CEFVAC-B Vaccine (Hepatitis B Vaccine (rDNA) I.P. (Genetically Engineered))

Table of Content

Hepatitis B virus (HBV) infection is a serious global health problem, with 350 million suffering from chronic hepatitis B worldwide.1 India accounts for a 10– 15 % of the entire global pool of HBV carriers (40 million). One million Indians are at risk of getting HBV infection, and about 100,000 deaths occur due to HBV infection. 2 HBV is responsible for 70% of chronic hepatitis and 80% of liver cirrhosis cases in India. It may even be linked to a large burden of liver cancer.3

Hepatitis B is spread through contact with an infected person’s blood and body fluids. All those who are not vaccinated against the infection are potentially at risk. Since 2002, the Hepatitis B vaccine has been a part of India’s Universal Immunization Programme. This vaccine is able to protect around 95% of recipients from developing Hepatitis B. The vaccine is given in three doses that include a zero dose (first dose), a second dose after one month of the first dose and a third dose after 6 months of the first dose. The vaccine can protect the recipient from this infection for decades. In addition, it is may help to bring down the number of cases of liver cirrhosis and liver cancer.

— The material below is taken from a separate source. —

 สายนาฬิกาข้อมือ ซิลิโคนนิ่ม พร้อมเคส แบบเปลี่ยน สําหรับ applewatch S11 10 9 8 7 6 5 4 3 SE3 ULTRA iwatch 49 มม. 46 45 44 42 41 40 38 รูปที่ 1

Cipla Ltd. has signed an agreement with Serum Institute of India Private Limited (SII) to market CEFVAC- B, a hepatitis B vaccine, for adults in India. CEFVAC-B is indicated for active immunization against Hepatitis-B in adults at risk of exposure to HBV-positive material. It  is recommended for individuals at risk of HBV by sexual exposure, individuals who are at risk for infection by percutaneous injections and mucosal exposures to blood ( drug users, household contacts of HBV positive persons, residents and staff of facilities for disabled persons, health care and public safety workers, persons with end-stage renal diseases, and individuals requiring blood transfusions) and individuals with chronic liver diseases, HIV infection, and all individuals seeking protection from HBV virus.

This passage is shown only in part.